Nuco’s Aion network provides a way to communicate between multiple blockchains

As blockchains begin to gain in popularity, a need is developing to enable them to communicate with one another. That would require a networking infrastructure to facilitate that communication, and that’s precisely what Nuco, a Toronto-based startup is trying to do with the release of the Aion blockchain network today.

Nuco CEO Matthew Spoke says that while each network is ultimately responsible for building its own level of trust within its blockchain, once you start to move outside the realm of your private blockchain as banks, governments, healthcare providers and anyone else working with this kind of data is inevitably going to do, you need a system to make that happen. Nuco built Aion to provide that mechanism.

He says that at its core, Aion becomes the plumbing to move data around. “[Aion provides the] middleware for blockchains to communicate with each other, and the ability to pass messages between them,” he says.

Spoke, who along with his co-founders, were originally part of the blockchain team at Deloitte, formed the company last year to begin building enterprise blockchain infrastructure, but they began to realize that while many large organizations were building private blockchains, there was a growing need for a public mechanism. As the blockchain concept begins to scale and becomes an integral part of the economic system, it requires a generic way of moving information.

There are a couple of major hurdles to get people to build and use a system like this. First of all, they have to convince organizations to move information between blockchains in a public way. Second, it requires a single way to move that information, a kind of networking protocol. Once they agree to the former, the latter becomes an inevitable requirement.

Companies can find a way to monetize their participation on the network by charging Aion tokens, a type of digital currency, to move certain kinds of data across inter-chain bridges.
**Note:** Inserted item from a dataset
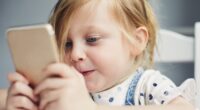 Children handed smartphones to calm tantrums don't learn how to control their emotions, new research shows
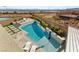 Aerial view of a private pool and landscaped backyard with lounge chairs and a dining area at 11943 Rockview Point St, Las Vegas, NV 89138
This ability could lure more companies to move to the network, Spoke explained.

That said, he sees Aion as a market necessity, not something they are looking to commercialize in a direct way. At some point blockchain will hit mainstream adoption and it will require mature infrastructure for his company and others to succeed. Spoke says his company is making this contribution to help the market grow.

While Nuco isn’t the only company working on this problem, Spoke is convinced that a process like this is required, and that like any technology, the market will decide which approach wins and becomes the standard.